I won’t dwell on that, but I’ll send you a letter before leaving for the front. I will stop here, and I send you my most sincere greetings and kisses. Please convey to our mummy the most heartfelt greetings from her unforgettable son Pierre. Dear greetings and kisses from me to Lucia.

My address is the following: Pierre Fancelli, Hotel Falcón, Ramblas 5, CUIRA, Barcelona, Spain. If you can go to meet Carini, tell him, if they have not left yet, to come through Giustizia e Libertà which, as Tortora said, will provide for all expenses. As many Maximalists as possible should come here. And tell him to convey greetings from Castello and I to all my comrades.
 

2. Letter to Caprini and Friends, 23 August 1936

Dearest Caprini and Friends

I am sending you some news about me, which is good news, and I hope you all are fine, too. We have been in Barcelona for 10 days, and we are very eagerly waiting to leave. Our departure has been scheduled for tomorrow, 24 August. Our destination is the environs of Saragossa. The battle for the seizure of Saragossa will be very hard, but our battle for the conquest of that town, as well as of the rest of Spain, will be accomplished day by day.

On 19 August, at 11 a.m., we attended a meeting in the Tarragona barracks which was presided over by Marceau Pivert, during which the POUM leader Gorkin delivered a speech. In the afternoon, at 5 p.m., we took part in a great party in honour of 350 POUM militia men who were leaving for Majorca Island. You cannot imagine the enthusiasm and joy of those who were leaving, as well as the huge crowd that had come to see them parading along the main avenue of the Ramblas up to the station, an uninterrupted chain of people applauding them. There are neither priests nor nuns any longer, and the churches that have not been burnt have had their doors sealed. (The punishment of God fell upon that gang of black crows, after all!) I hope that these parasites will soon disappear from the entire world. They are more harmful than those on the radio.

On Sunday, 16 August I met Biso and the others from Menton along the Ramblas. But they are in the Petralbes barracks of the FAI, 16 kilometres away from Barcelona, and for us of the POUM it is difficult to enter there. Many of our comrades are there, and if they wish to join the POUM militia, they find it difficult to remain in the militias of the FAI. At the moment the POUM is the only organisation to have a well-defined and very clear line in Catalonia, and to earn much sympathy from the masses, and it is for that reason that the Anarcho-Syndicalists fear being bypassed. However, we completely agree with them with regard to the struggle against Fascism. In addition to that, I can tell you that yesterday’s theories are as different from today’s practices as day is from night. They too have bowed to the fact that without discipline it is impossible to do anything, and that yesterday’s theory was a utopia that cannot be carried out in today’s practice.

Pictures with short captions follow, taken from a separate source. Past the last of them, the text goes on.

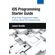 iOS-Programming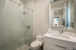 119 Rosalia Court Photo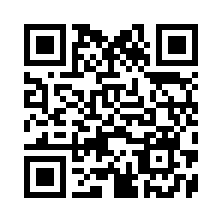 QR Code for 1NvR2edqwxoAvjirkocPjSFjGKqBi8oFcL
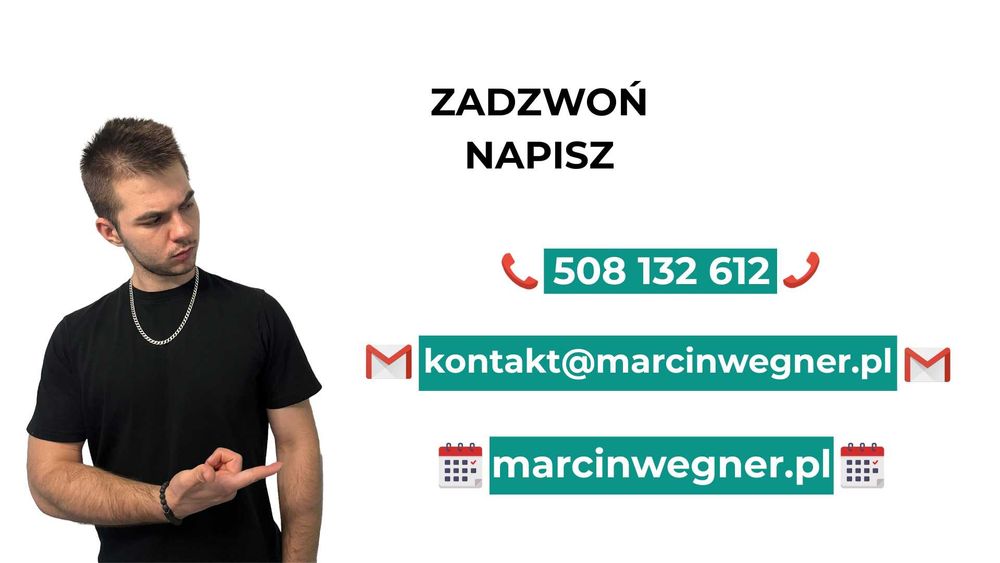 Korepetycje MATEMATYKA | E8 | matura | Korki z matematyki
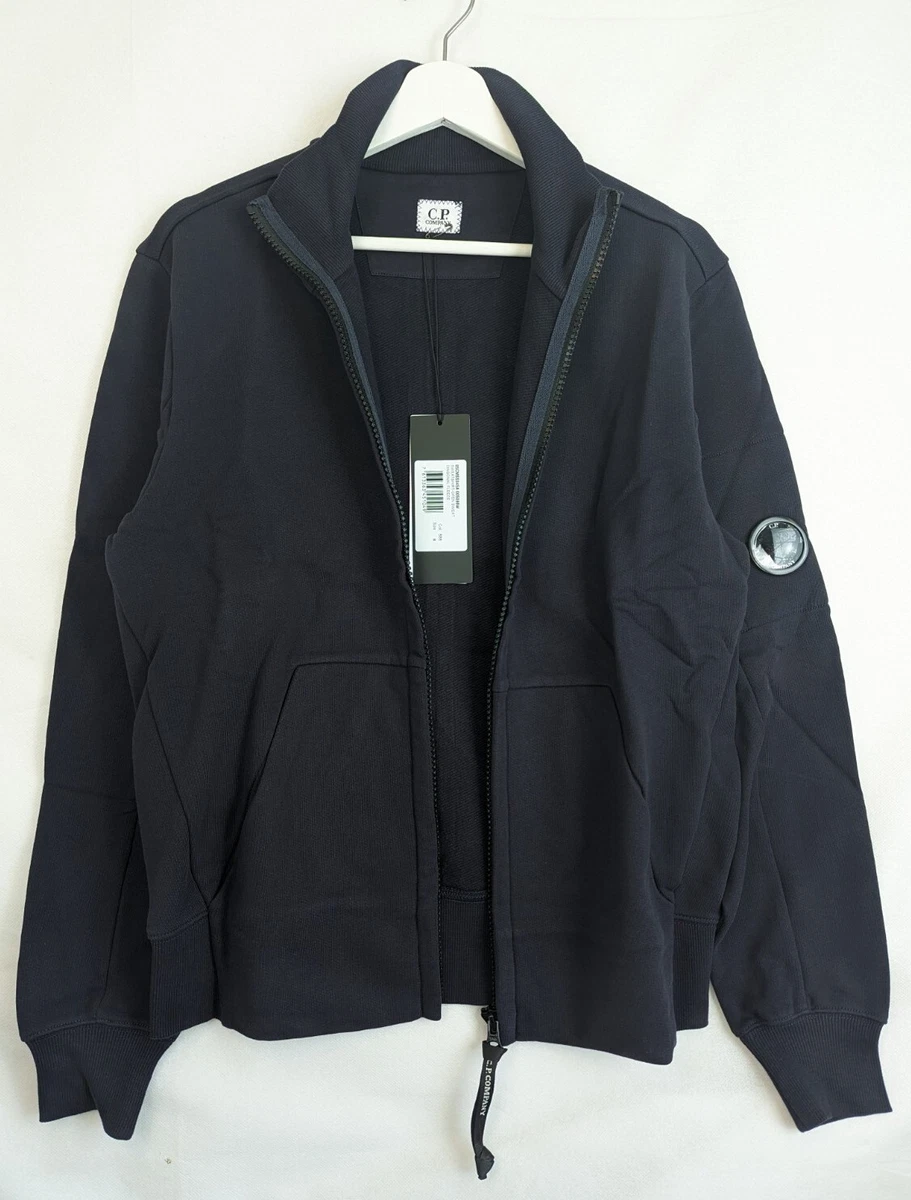 Cp company watchviewer clearance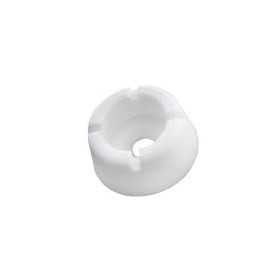 Stayput Press plastic support 100pcs OS1031303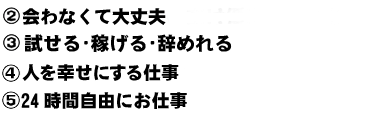 �����@���l�@��W
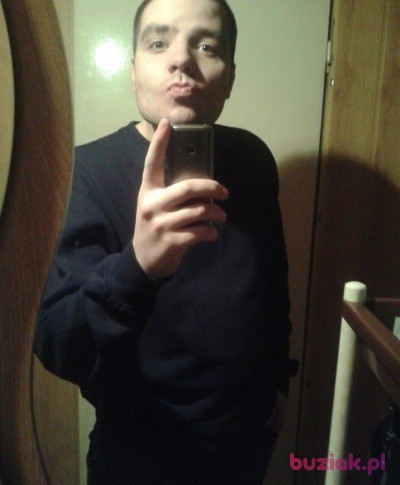 Darek, Male, 34, Oborniki, Polska, Photo: 4
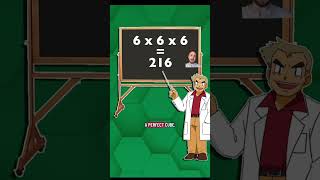 Hidden Reference In Zygardes Stats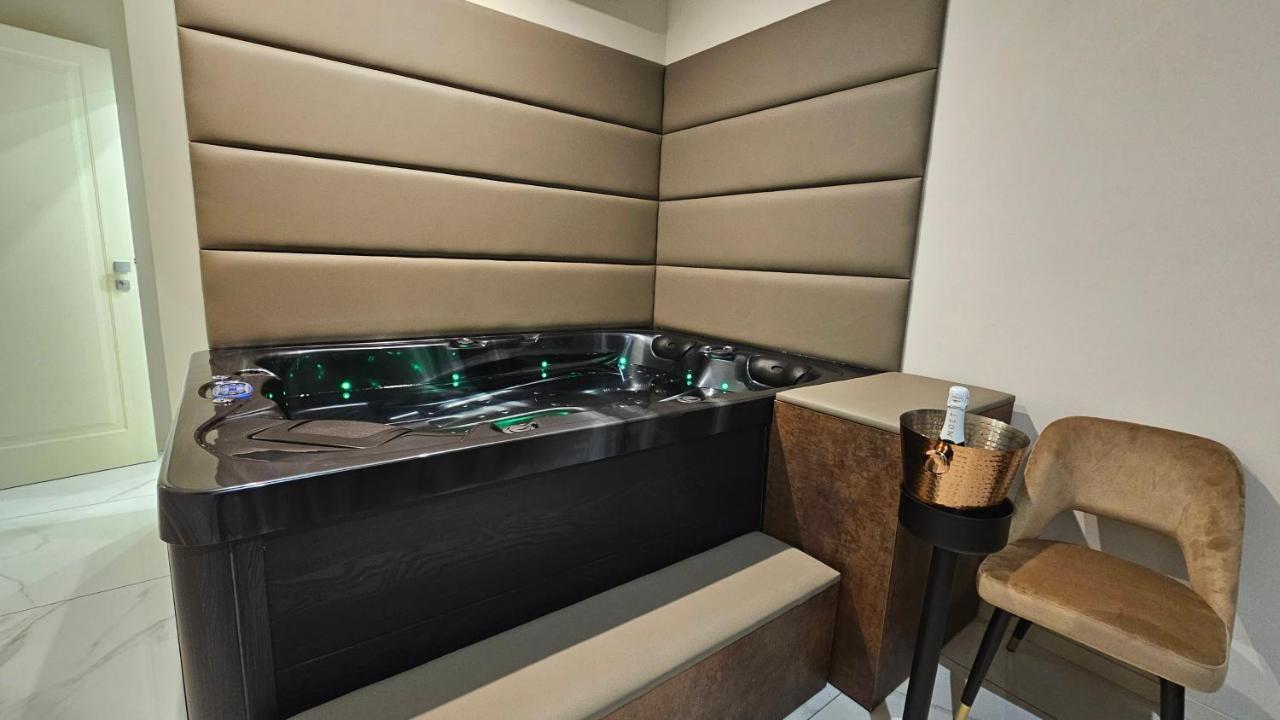 Guest house Relais Relax *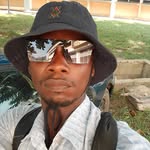 Anthony Afful Diab - @anthonydiab5 - Instagram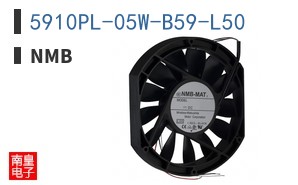 5910PL-05W-B59-L50 ͼƬ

We are passing through the first phase of the revolution, and we will not stop at that, we will go through to the end, that is, after having done away with Fascism, we will make the truly proletarian revolution, that is to say, a complete disappearance of bourgeois democracy, which is democracy only by name.

Dear Amadeo, you should try to discover whether there is anyone who is going to travel to Barcelona, in order to give us some news, since it is very difficult to know by mail whether the others who were supposed to come here have departed or not.

Today, Sunday, is the last day we spending in Barcelona. In the afternoon we will go to see a bullfight that has been organised for the benefit of the workers’ militias. Please let me know if my mother has come to see you, and tell me what she told you. I will stop writing here, and I send you our most sincere greetings, and we send greetings to all our comrades and friends in general, to you, Triano, Beppino, Mazzetti and Frianchi.